Safeway's share price had an initial wobble but is 3% up for the week, suggesting many investors have adopted a wait-and-see approach. 

Ajay Jain, analyst at Cantor Fitzgerald, sees the potential for disruption. "Given that Mr. Burd has had such a hands-on role in shaping Safeway's strategy and operations for so long, we think his departure leaves behind a great deal of uncertainty over Safeway's near-term financial performance and its longer-term outlook," he said in a note.

Rightly or wrongly, some investors might see Burd's departure as an opportunity to de-unionise Safeway. There are those who have argued in the past that this would make the retailer more flexible to compete with the likes of Wal-Mart.

Jain said Burd's absence from Safeway's board "could set the tone for some very meaningful changes down the road, particularly if an outside candidate is selected as the new CEO".

However, he said: "While we believe many investors welcome the prospect of a leadership change at Safeway, we think fundamentals could get worse in the near-term before they get better."

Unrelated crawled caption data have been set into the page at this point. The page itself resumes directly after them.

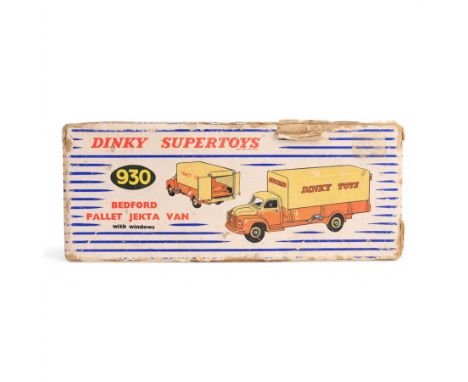 Dinky Toys Bedford Pallet Jekta Van no 930, two tone yellow body with red 'Dinky Toys' lettering, in original box with two or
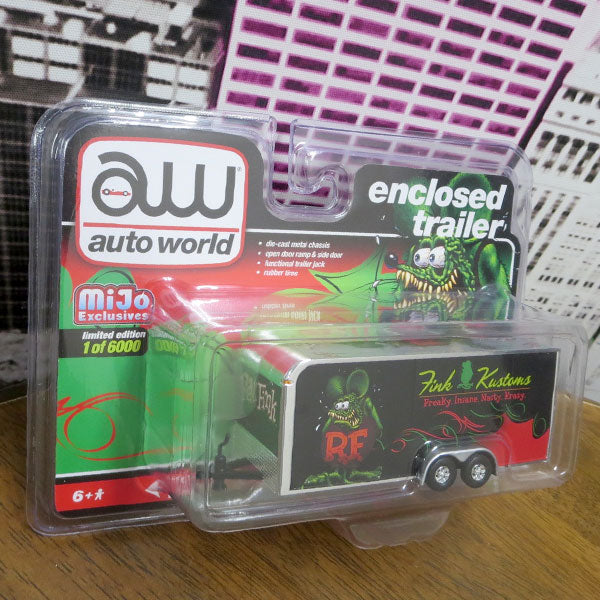 Auto World 1:64 Rat Fink Enclosed Trailer FINK KUSTOMAS [Rat Fink] Mini car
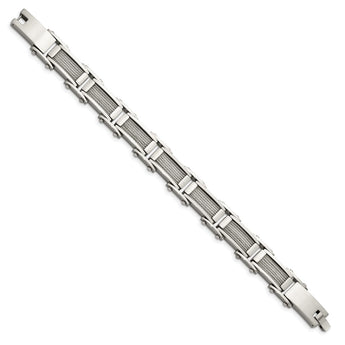 Stainless Steel Wire Brushed & Polished 8.5in Bracelet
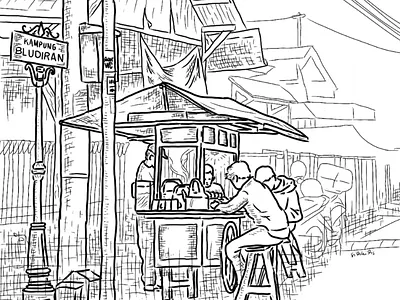 Pak Sugeng drawing illustration line art sketch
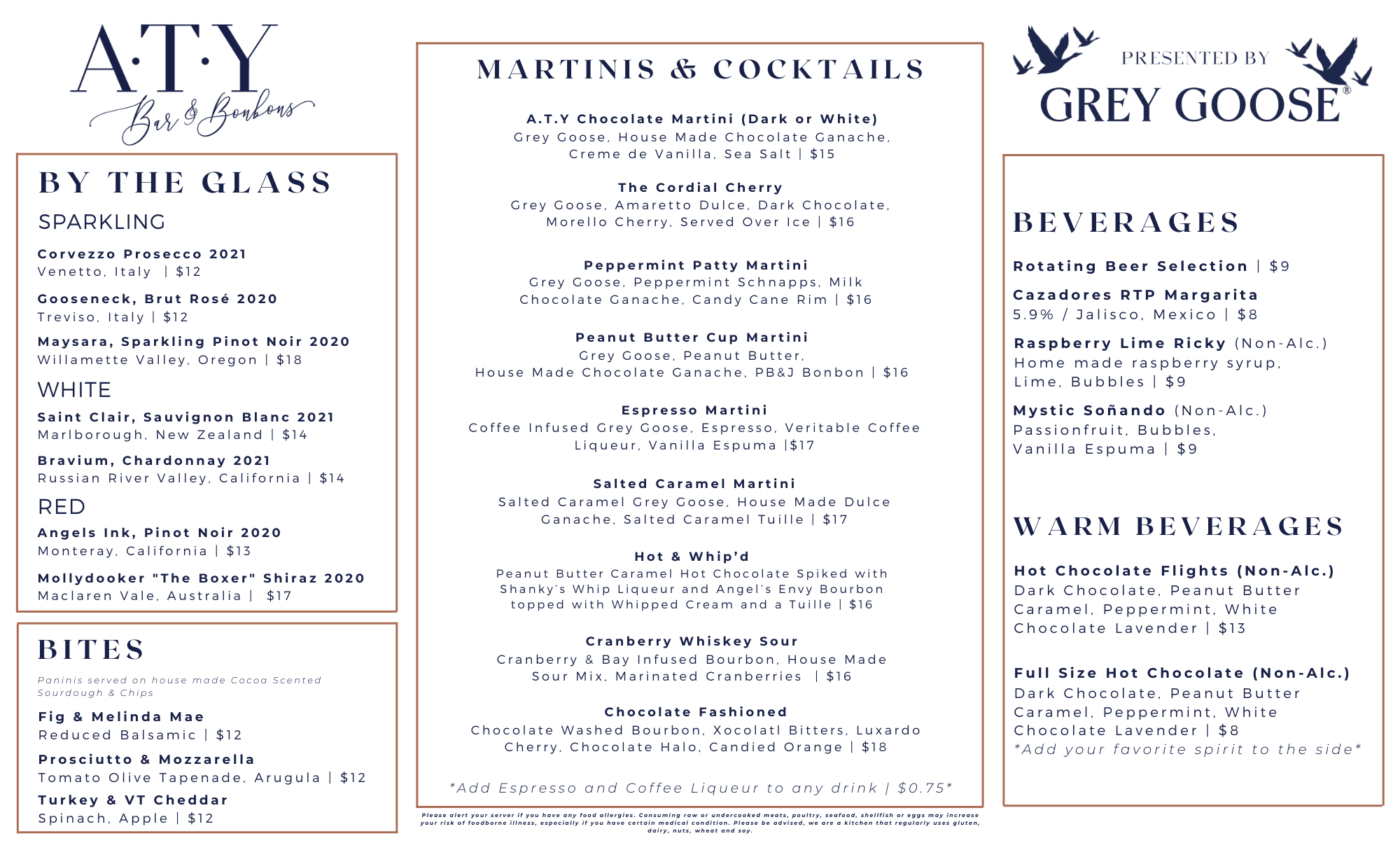 Menu — A.T.Y. Bar & Bonbons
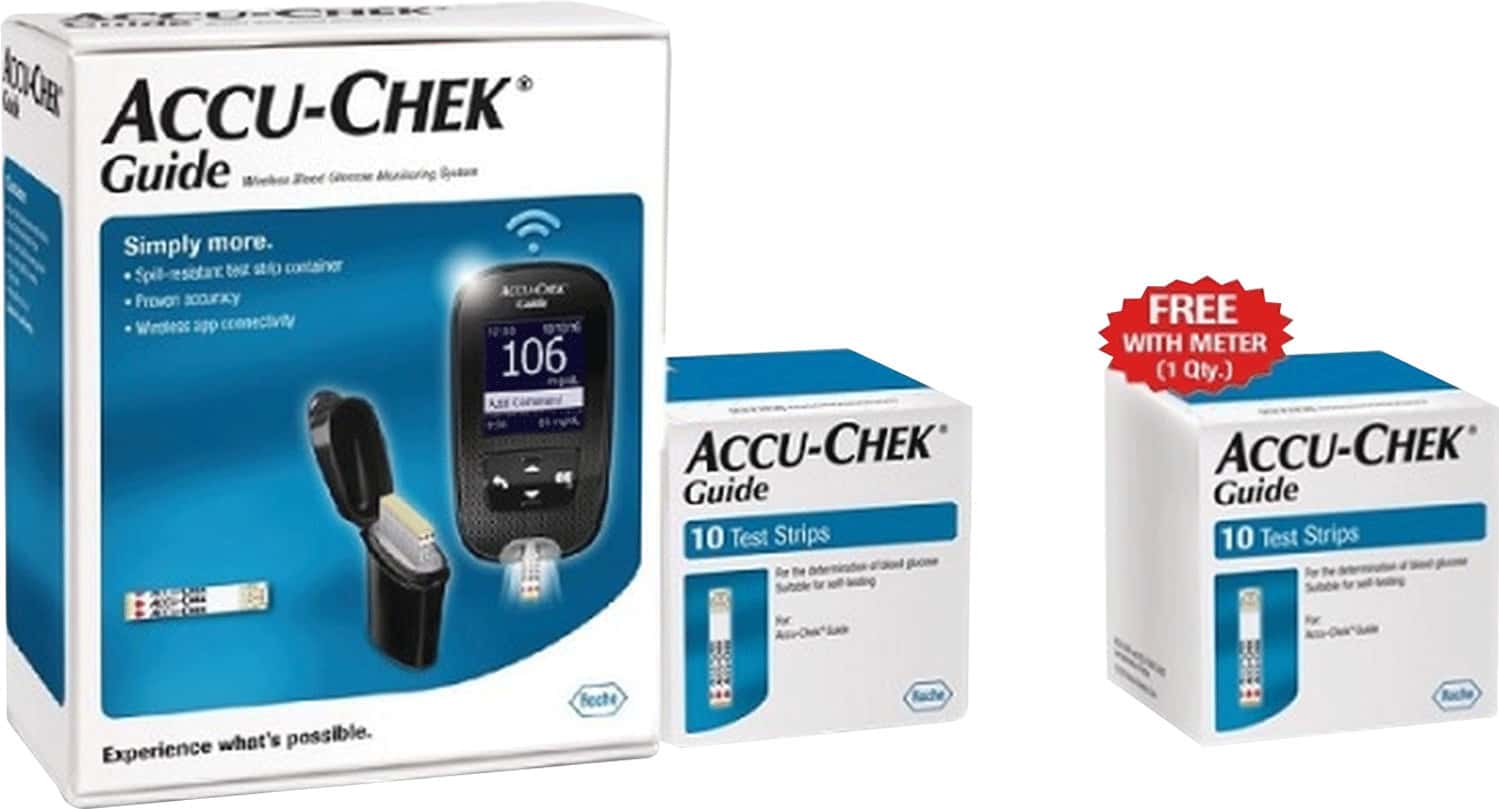 Accu-Chek Guide Wireless Blood Glucose Monitoring System | Glucometer | Free 60 Test Strips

In particular, Jain highlighted concern about Safeway's balance sheet, sales trends, the firm's health and wellness initiative - which was strongly associated with Burd - and also the group's ability to raise value from real estate across North America.

Yesterday (3 January), a report by Bloomberg cited a Veritas analyst as saying that Safeway's Canada unit could be open to a takeover by Loblaw.

There is, then, plenty for the new CEO to chew on, whoever that will be. Safeway has already endured a turbulent end to 2012, having been forced to defend the health of its business.

In October, the company booked a 12.1% drop in third-quarter operating profits, with sales essentially flat on the same period of the previous year. The group insisted it was gaining market share, particularly thanks to its Just for U loyalty programme.

Yet, this was not enough to prevent ratings agency Fitch from downgrading the retailer's outlook to "negative" later in the same month.

There remain concerns that Safeway is simply falling between the cracks of the US grocery market, undercut by the likes of Wal-Mart and not able to compete on the top-shelf with Whole Foods Market.

Safeway's share price might be up for the week, but it is down 13% versus one year ago; outperformed by rivals Kroger and Whole Foods, not to mention an S&P 500 that is up 14% over the same timeframe.

Not everyone has been so trepidatious about Safeway's prospects. Back in October, BB&T Capital Markets analyst Andrew Wolf agreed with Burd that Safeway has seen sales gains in stores where 'Just for U' has been fully rolled out.

What is clear, for the time being, is that Safeway needs to do more to quell uncertainty in the market. To do that, it obviously needs results, but it also needs strong leadership. That means installing a new CEO sooner rather than later.